I’m looking into CRDT data types for implementing a FileTree data type, and would like to understand how the existing CRDT type(s) work and what their features are.
For now I’m browsing the code and will post my notes, but any insights or summary that can be provided would be helpful (@oetyng do you know of any design notes which could be shared?).
Here’s how it works AFAIK
- each vault copy of a Sequence CRDT is stored as a single file, and loaded into memory in its entirety when in use for gets (e.g. range requests) or mutation (e.g. insert/delete)

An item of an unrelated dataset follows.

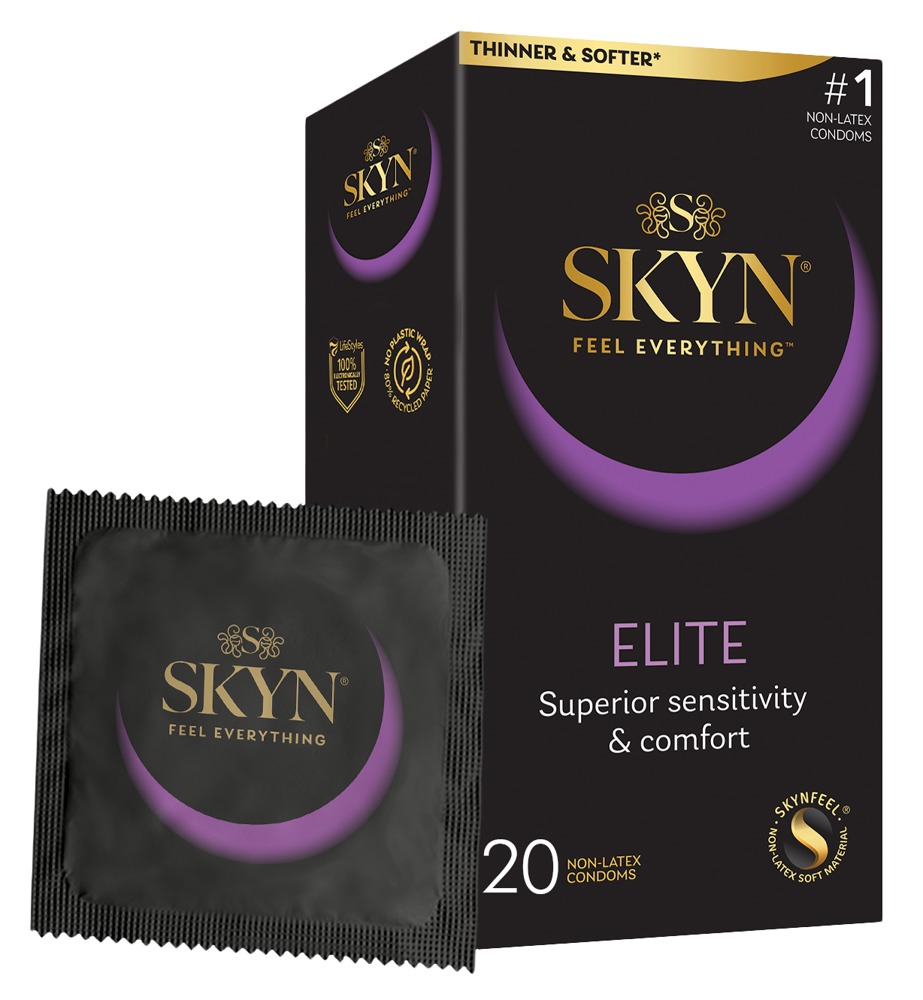 Kondome „SKYN Elite“, latexfrei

- when the client accesses or mutates a Sequence CDRT, the entire object is fetched to the client and the mutation applied both to the local Sequence CDRT and sent as an individual CDRT op to the vaults. Note: This differs from local-first implementations where local mutations are typically accumulated within the local CRDT, and batched to other peers on demand. Whereas in SAFE, mutations are propagated as soon as possible so that they are not lost if the client device shuts down (or crashes). <- assumption
- the Sequence CDRT object will grow in size with every mutation even if size of the key-value entries is the same, because the CDRT metadata grows in size as it records the entire history of changes.
- at some point this growth will become a problem for vaults, but even sooner for client devices and applications because of device memory needed to hold the Sequence and the ‘costs’ (e.g. latency and mobile data costs) of retrieving a copy from vaults.
- it is up to the client to encrypt the content (key-value entries) of Sequence CDRT
- the CRDT metadata is, I think, not encrypted. <- assumption
Let me know if I’ve got this wrong or make corrections and post a reply noting the change.
@maidsafe all hints appreciated, thanks.
This post is a Wiki, so feel free to correct or add to it, with refs where useful.